I don't know what I'm asking for. I wouldn't even know what I want at this point. I think I just needed you to know that yesterday was... I don't have the right word. Revelatory is probably too large, except that it isn't.

I'm going to press send before I change my mind.

Lizzie

 

She leaves it there as a draft. No harm done. It's just a fantasy in her mind. A fantasy isn't cheating, or at least that's what she tells herself.

She goes back to the spreadsheet. Column G. She enters data for twenty minutes with the rigid concentration of someone trying very hard not to think about a particular tab open in a particular browser. Then she goes back and re-reads it. It's too much, she thinks. Too revealing. Too earnest. The last line is embarrassing. She deletes the last line. Then she puts it back, because it is the truest thing in the email and removing it is just another version of cropping the photograph.

She changes Dear Michael to just Michael, because dear is what you write to a solicitor. Then she changes it back, because without it the whole thing feels abrupt.

She reads it again.

The second paragraph is too long. The bit about her confused mind.
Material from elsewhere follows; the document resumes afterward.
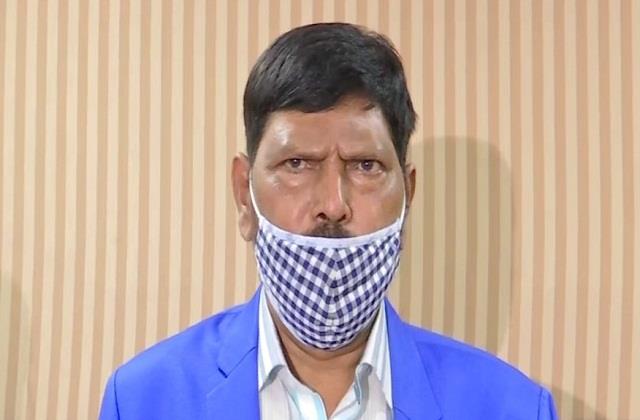 'गो कोरोना गो' नारे के बाद कोरोना जा रहा, अब नए कोरोना पर नया नारा, 'नो कोरोना नो'- रामदास अठावले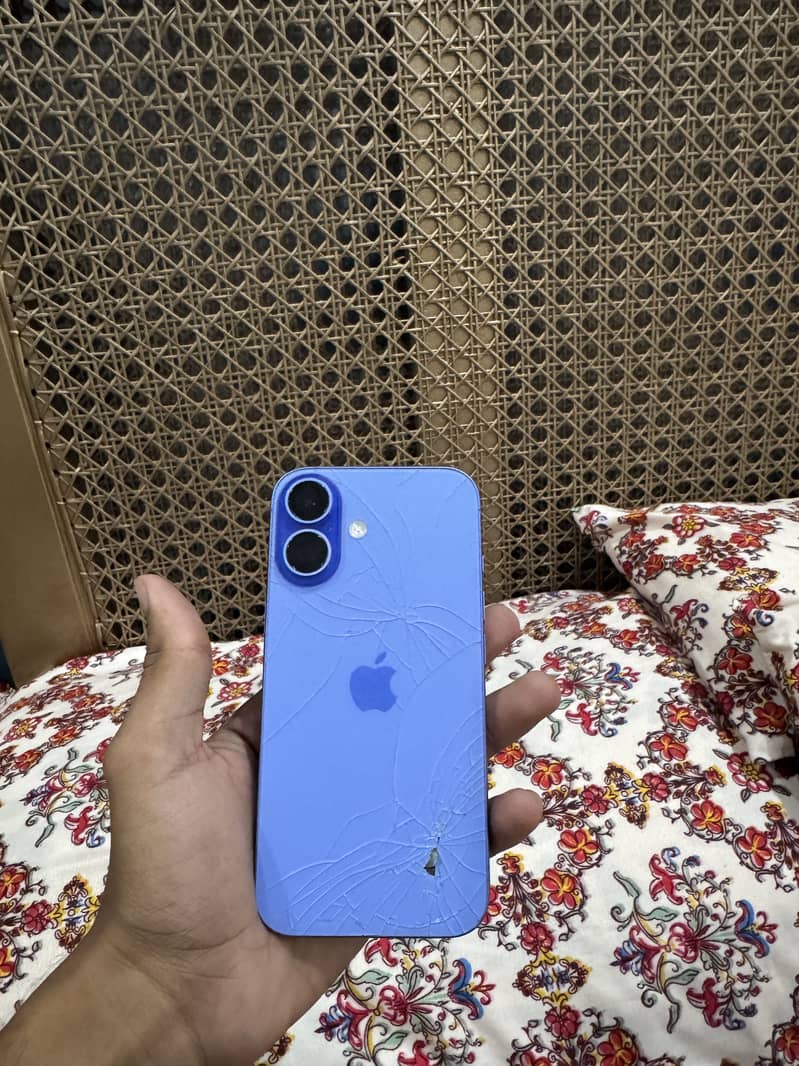 Apple iPhone 16 1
She'd actually had a whole sentence about opening Pandora's box in the second draft and she'd taken it out. Luckily, she sighs. It sounded like I was a total imbecile. The third paragraph. I'm frightened. She almost deletes that. She leaves it.
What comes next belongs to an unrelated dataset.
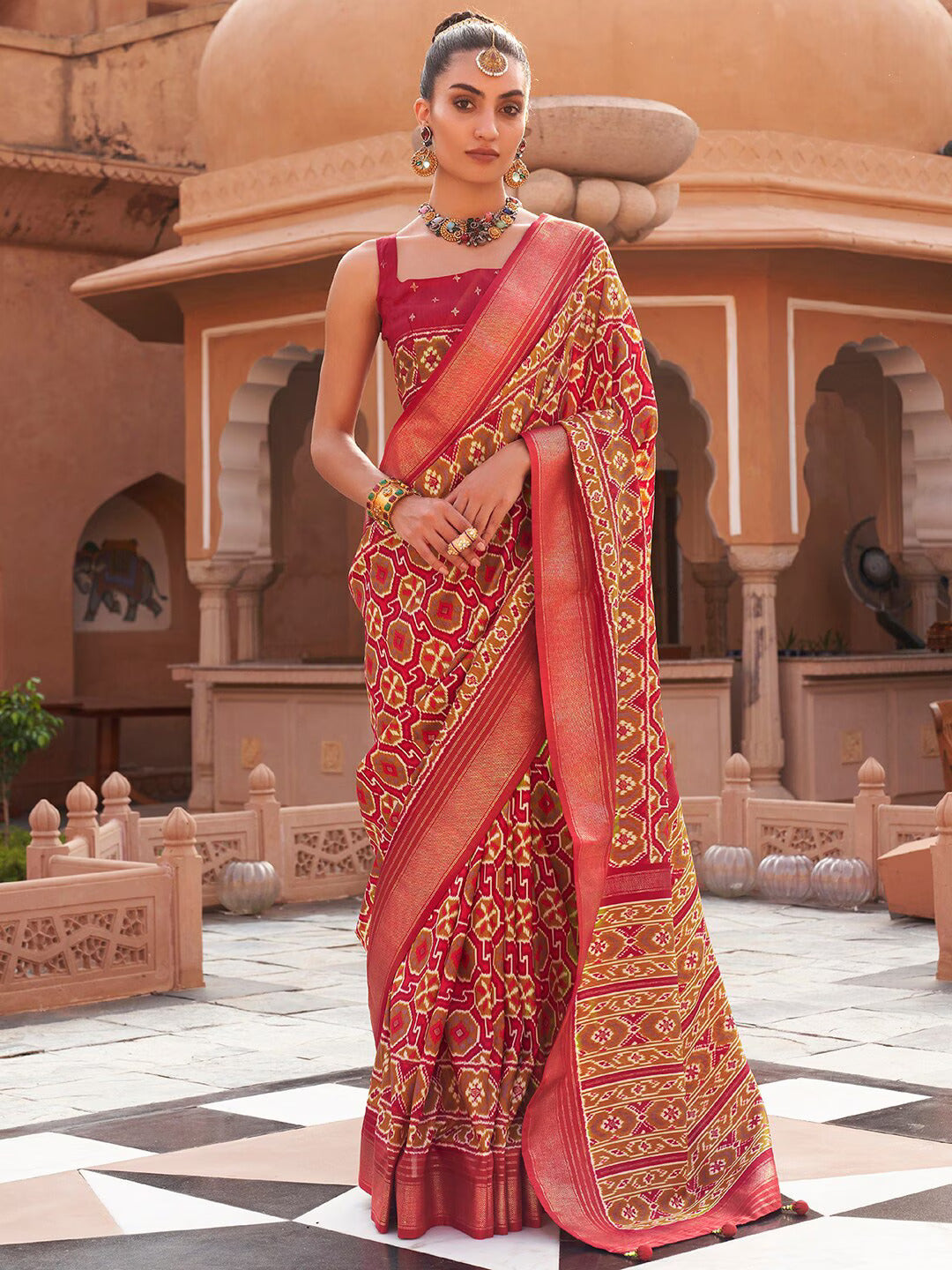 Vrinda Pochampally Saree - Roop Darshan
She goes back to the spreadsheet. G871. G872.

She reads the email again.

Her mouse moves, without any clear instruction from her brain, to the send button.

She moves it away again.

G873. G874.

The flat ticks and breathes around her. Somewhere outside a car starts. The February light shifts slightly, almost imperceptibly, towards something that might, by afternoon, become pale winter sun.

She reads the email one final time.

Then... before the part of her that is still standing in the kitchen nodding at the stove argument can intervene... she clicks send.

The whoosh of it. Small and irrevocable.

She sits back in her chair.

What have I done?

The thought arrives cold and clear and immediate, and beneath it, beneath the fear and the guilt and the vertiginous sense of a lid that cannot be replaced, something else surfaces. She doesn't have a name for it. But it's something that feels, with terrifying accuracy, like relief. Like a person pressing their face into a bare shoulder in the dark and not saying a word and not needing to. Like a cry she has been holding in for years finally finding someone's chest to cry it into.

Help me... she thinks, which is not something she is in the habit of thinking, because there has never been anyone to think it towards.

She thinks it towards Melbourne.

Then she opens the spreadsheet and tries, once again, to work.